*ABOUT THIS TASK:*
Copy out and return the lines from the one holding "BLAN AUTO - Voiture 6" to the end of the listing below, both included, omitting the pictures.

*INPUT:*
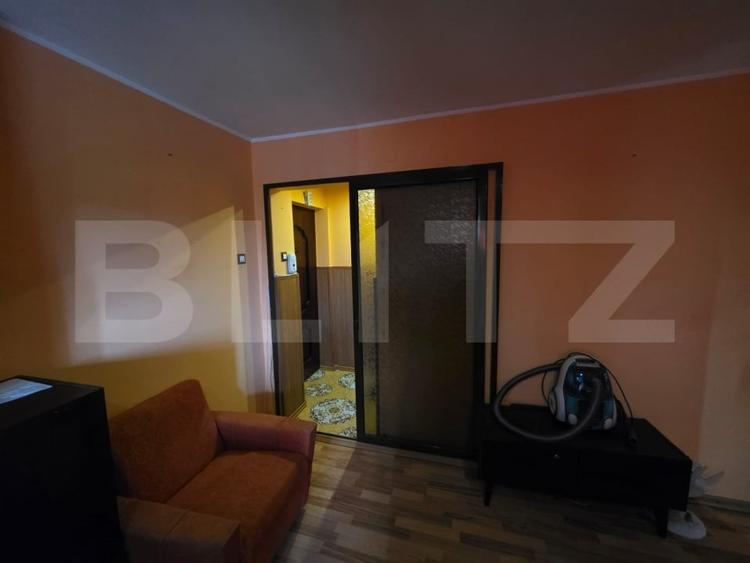 Apartament cu 2 camere semidecomandat, mobilat în Micro 40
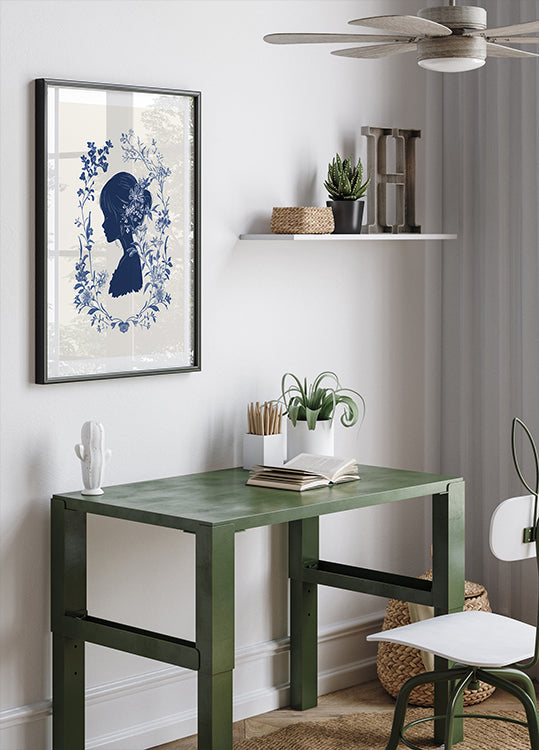 Blumensilhouette, blühendes Mädchen, botanisches Indigo-Poster - Posterbox.dk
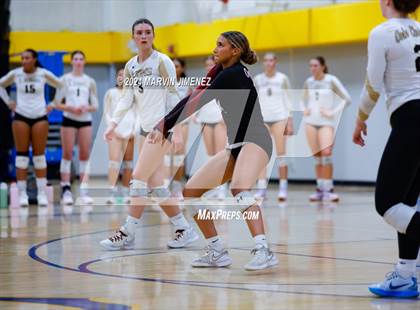 Thumbnail 3 in Oaks Christian @ Agoura photogallery.
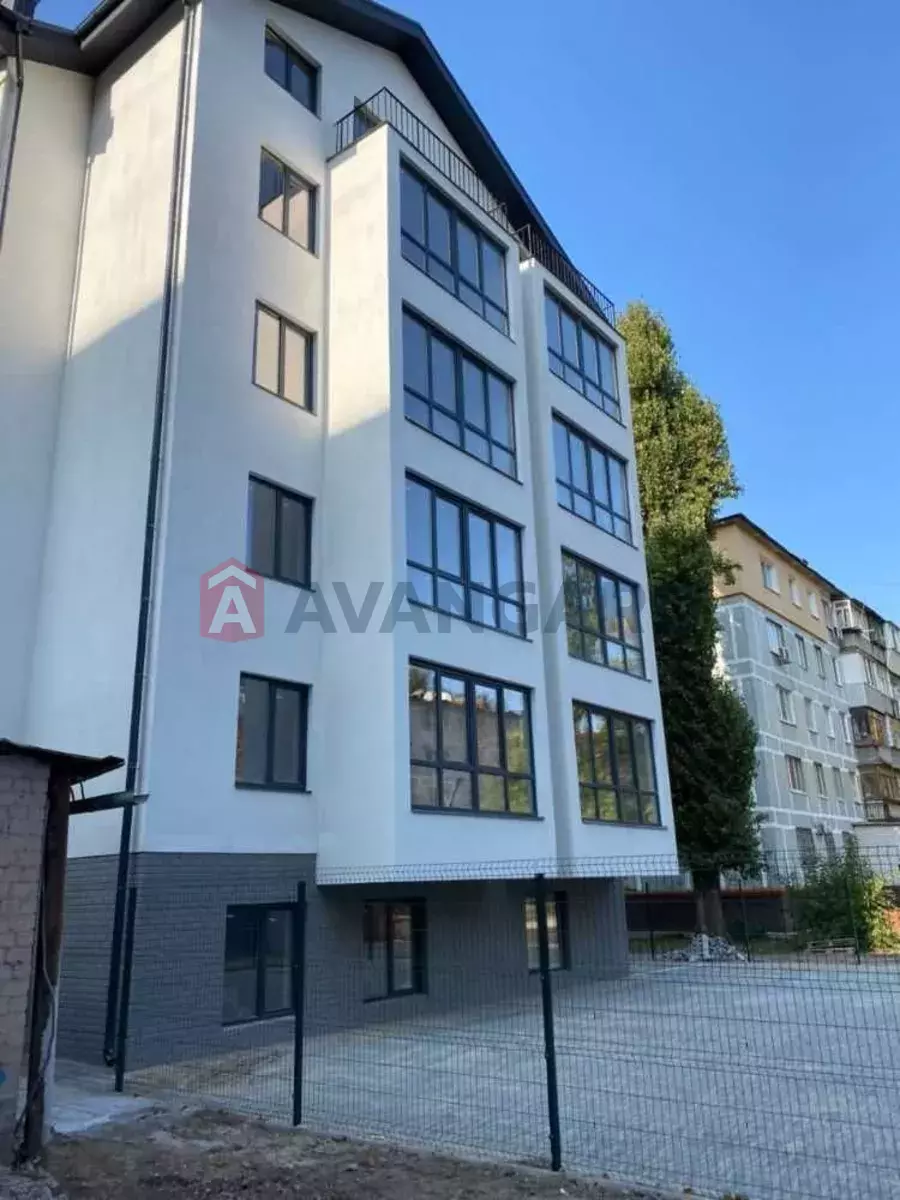 2 кім. квартира, 55/24/15 кв. м., 5/5 поверх фото 1 2 кім. квартира, 55/24/15 кв. м., 5/5 поверх фото 1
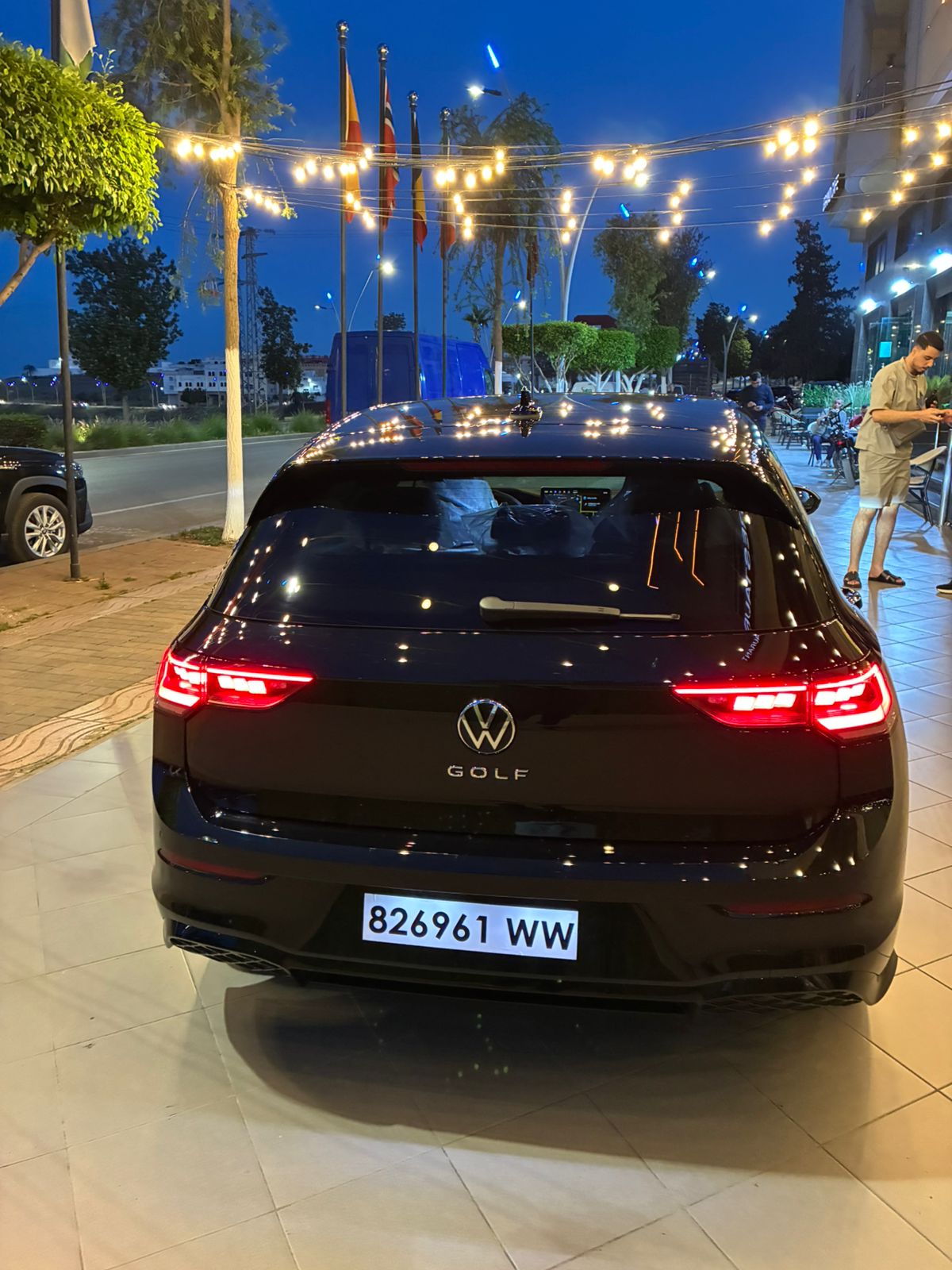 BLAN AUTO - Voiture 6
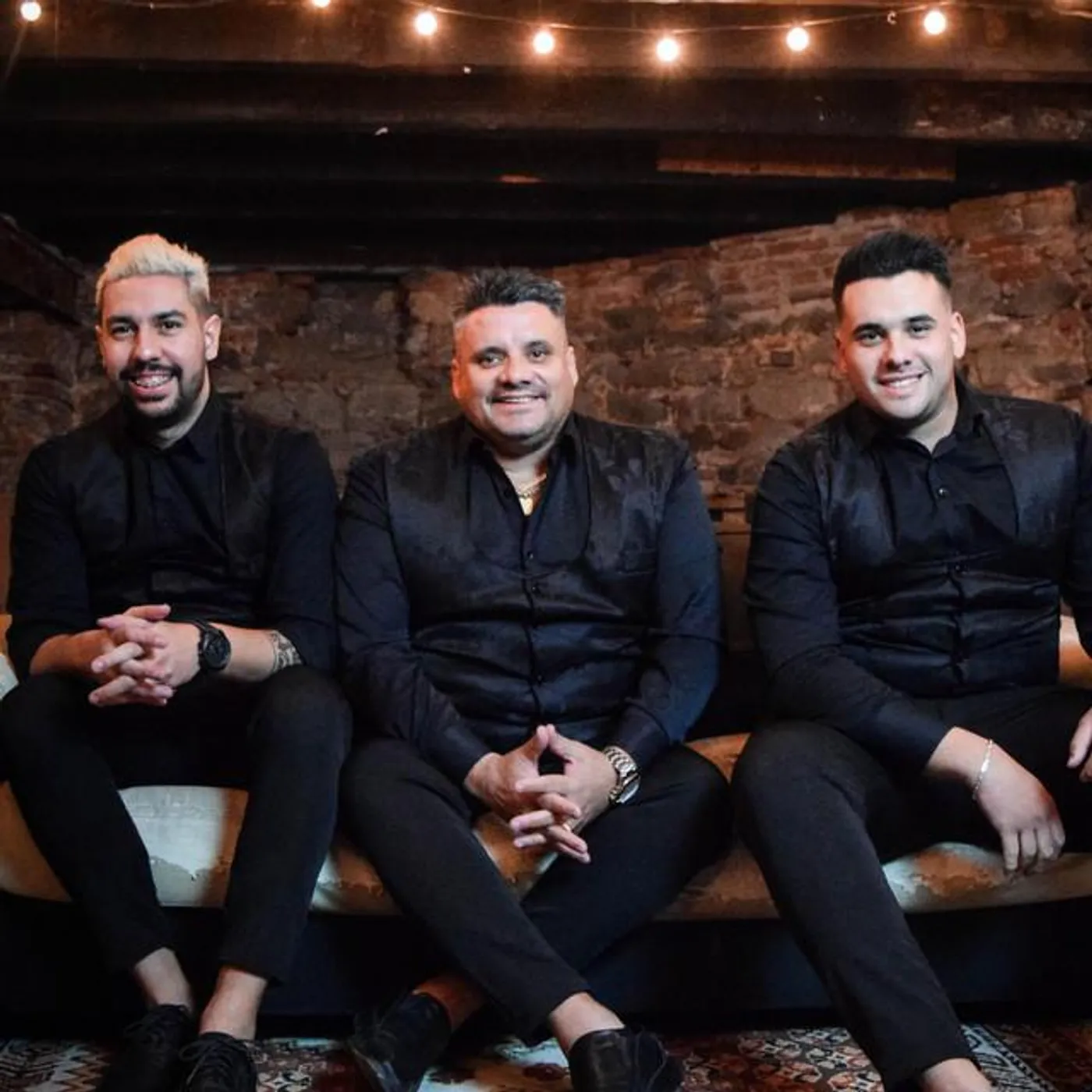 Bocha Lozano y La Vieja Escuela Brand Page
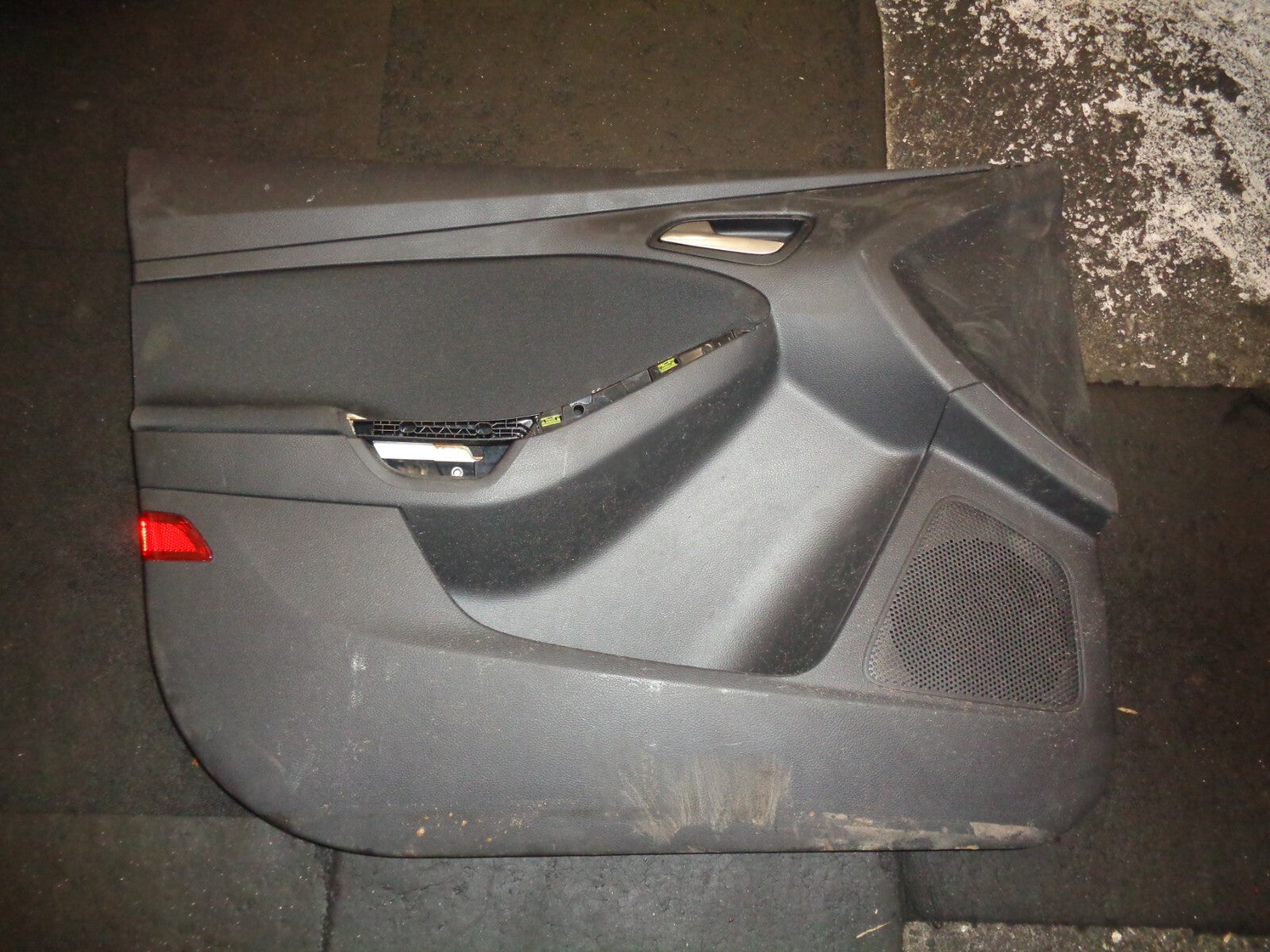 FORD FOCUS MK3 2011-2018 NS PASSENGER SIDE FRONT DOOR DOOR CARD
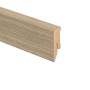 Sockelleiste Barbados Oak, 50x18x2600 mm, zur einfachen Wandmontage und Kabelverlegung.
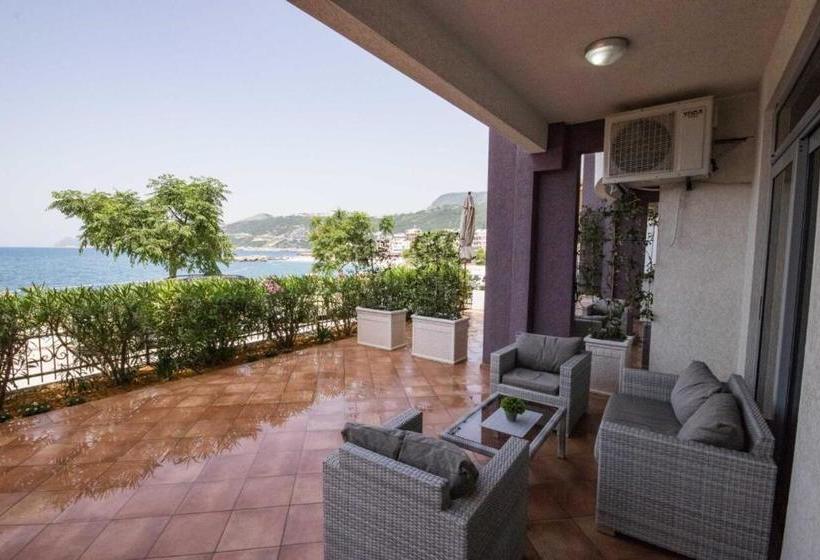 هتل Apartmani Zara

*WRITTEN RESPONSE:*
 BLAN AUTO - Voiture 6
 Bocha Lozano y La Vieja Escuela Brand Page
 FORD FOCUS MK3 2011-2018 NS PASSENGER SIDE FRONT DOOR DOOR CARD
 Sockelleiste Barbados Oak, 50x18x2600 mm, zur einfachen Wandmontage und Kabelverlegung.
 هتل Apartmani Zara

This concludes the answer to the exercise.